TASK DESCRIPTION - Nothing outside the range below should be printed. Output exactly the lines from the line with "Pope Leo XIV" to the line with "bathroom with plenty", both included.

DATA -
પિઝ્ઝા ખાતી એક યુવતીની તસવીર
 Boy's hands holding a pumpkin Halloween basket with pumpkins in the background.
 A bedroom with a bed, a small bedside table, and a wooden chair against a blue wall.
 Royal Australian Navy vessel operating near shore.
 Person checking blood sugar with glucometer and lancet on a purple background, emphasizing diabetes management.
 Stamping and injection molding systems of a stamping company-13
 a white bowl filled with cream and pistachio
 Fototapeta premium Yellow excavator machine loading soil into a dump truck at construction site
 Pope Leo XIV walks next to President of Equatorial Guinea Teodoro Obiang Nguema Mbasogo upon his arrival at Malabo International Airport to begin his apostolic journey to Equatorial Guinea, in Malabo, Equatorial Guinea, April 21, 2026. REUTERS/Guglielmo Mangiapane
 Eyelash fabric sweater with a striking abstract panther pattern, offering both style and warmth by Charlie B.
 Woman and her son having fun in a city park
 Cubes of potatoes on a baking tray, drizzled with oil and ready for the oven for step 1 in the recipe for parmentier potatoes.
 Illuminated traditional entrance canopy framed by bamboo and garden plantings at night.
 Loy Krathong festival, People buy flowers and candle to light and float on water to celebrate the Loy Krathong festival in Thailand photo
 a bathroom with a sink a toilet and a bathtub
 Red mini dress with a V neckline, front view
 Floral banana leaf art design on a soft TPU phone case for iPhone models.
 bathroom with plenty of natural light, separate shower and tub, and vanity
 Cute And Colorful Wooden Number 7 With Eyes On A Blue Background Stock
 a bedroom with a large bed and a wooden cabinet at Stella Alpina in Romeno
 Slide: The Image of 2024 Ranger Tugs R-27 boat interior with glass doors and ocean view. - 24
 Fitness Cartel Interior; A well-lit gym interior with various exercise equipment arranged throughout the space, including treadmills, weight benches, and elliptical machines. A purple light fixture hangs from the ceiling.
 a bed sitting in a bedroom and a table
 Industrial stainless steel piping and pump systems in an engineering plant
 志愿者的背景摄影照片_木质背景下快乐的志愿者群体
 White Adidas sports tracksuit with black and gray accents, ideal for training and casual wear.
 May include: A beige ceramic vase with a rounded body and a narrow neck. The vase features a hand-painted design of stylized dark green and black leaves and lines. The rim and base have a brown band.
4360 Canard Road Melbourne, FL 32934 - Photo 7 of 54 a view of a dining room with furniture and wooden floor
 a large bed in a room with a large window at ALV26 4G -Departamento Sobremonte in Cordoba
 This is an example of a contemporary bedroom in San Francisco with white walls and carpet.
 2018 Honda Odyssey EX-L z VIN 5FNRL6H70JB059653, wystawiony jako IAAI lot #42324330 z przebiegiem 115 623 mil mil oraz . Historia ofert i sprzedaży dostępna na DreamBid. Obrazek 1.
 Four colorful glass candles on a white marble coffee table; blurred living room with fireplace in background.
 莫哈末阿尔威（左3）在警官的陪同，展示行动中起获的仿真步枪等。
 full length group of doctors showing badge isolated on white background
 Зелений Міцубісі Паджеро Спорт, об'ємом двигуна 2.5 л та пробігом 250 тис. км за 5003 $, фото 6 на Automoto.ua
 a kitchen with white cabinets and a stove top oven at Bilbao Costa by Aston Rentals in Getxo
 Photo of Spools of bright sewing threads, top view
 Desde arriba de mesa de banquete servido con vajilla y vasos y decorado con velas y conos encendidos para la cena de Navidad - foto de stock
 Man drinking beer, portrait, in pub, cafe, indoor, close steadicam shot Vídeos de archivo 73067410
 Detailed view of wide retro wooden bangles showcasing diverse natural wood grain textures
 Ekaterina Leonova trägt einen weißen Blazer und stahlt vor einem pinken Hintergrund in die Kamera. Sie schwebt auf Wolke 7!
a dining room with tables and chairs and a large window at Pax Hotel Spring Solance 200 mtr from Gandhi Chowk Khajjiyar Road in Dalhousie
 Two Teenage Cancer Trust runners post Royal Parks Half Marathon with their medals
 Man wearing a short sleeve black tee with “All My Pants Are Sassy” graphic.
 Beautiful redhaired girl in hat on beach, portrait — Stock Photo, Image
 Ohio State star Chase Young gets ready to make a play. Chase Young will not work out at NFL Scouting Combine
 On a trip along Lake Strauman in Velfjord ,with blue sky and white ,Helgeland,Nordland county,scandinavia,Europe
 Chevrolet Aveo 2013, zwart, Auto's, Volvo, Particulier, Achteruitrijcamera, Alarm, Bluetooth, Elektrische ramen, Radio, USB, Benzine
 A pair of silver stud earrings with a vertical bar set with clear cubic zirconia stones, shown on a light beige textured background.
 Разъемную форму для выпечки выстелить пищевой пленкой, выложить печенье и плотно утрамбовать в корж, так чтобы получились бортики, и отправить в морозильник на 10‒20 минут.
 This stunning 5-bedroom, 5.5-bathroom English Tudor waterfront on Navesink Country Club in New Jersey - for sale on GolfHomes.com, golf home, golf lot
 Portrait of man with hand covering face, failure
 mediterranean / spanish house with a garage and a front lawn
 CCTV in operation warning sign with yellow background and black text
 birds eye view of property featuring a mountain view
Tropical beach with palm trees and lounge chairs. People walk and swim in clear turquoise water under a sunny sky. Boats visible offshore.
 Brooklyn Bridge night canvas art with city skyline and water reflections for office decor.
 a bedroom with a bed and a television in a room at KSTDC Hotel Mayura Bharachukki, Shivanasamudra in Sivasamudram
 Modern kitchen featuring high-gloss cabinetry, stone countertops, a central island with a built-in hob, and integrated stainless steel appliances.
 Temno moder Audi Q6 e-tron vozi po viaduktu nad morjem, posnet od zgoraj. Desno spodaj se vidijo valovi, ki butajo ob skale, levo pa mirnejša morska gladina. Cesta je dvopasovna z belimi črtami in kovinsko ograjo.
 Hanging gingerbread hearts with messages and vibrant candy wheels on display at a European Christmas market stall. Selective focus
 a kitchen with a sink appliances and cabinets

PROBLEM SOLUTION -
 Pope Leo XIV walks next to President of Equatorial Guinea Teodoro Obiang Nguema Mbasogo upon his arrival at Malabo International Airport to begin his apostolic journey to Equatorial Guinea, in Malabo, Equatorial Guinea, April 21, 2026. REUTERS/Guglielmo Mangiapane
 Eyelash fabric sweater with a striking abstract panther pattern, offering both style and warmth by Charlie B.
 Woman and her son having fun in a city park
 Cubes of potatoes on a baking tray, drizzled with oil and ready for the oven for step 1 in the recipe for parmentier potatoes.
 Illuminated traditional entrance canopy framed by bamboo and garden plantings at night.
 Loy Krathong festival, People buy flowers and candle to light and float on water to celebrate the Loy Krathong festival in Thailand photo
 a bathroom with a sink a toilet and a bathtub
 Red mini dress with a V neckline, front view
 Floral banana leaf art design on a soft TPU phone case for iPhone models.
 bathroom with plenty of natural light, separate shower and tub, and vanity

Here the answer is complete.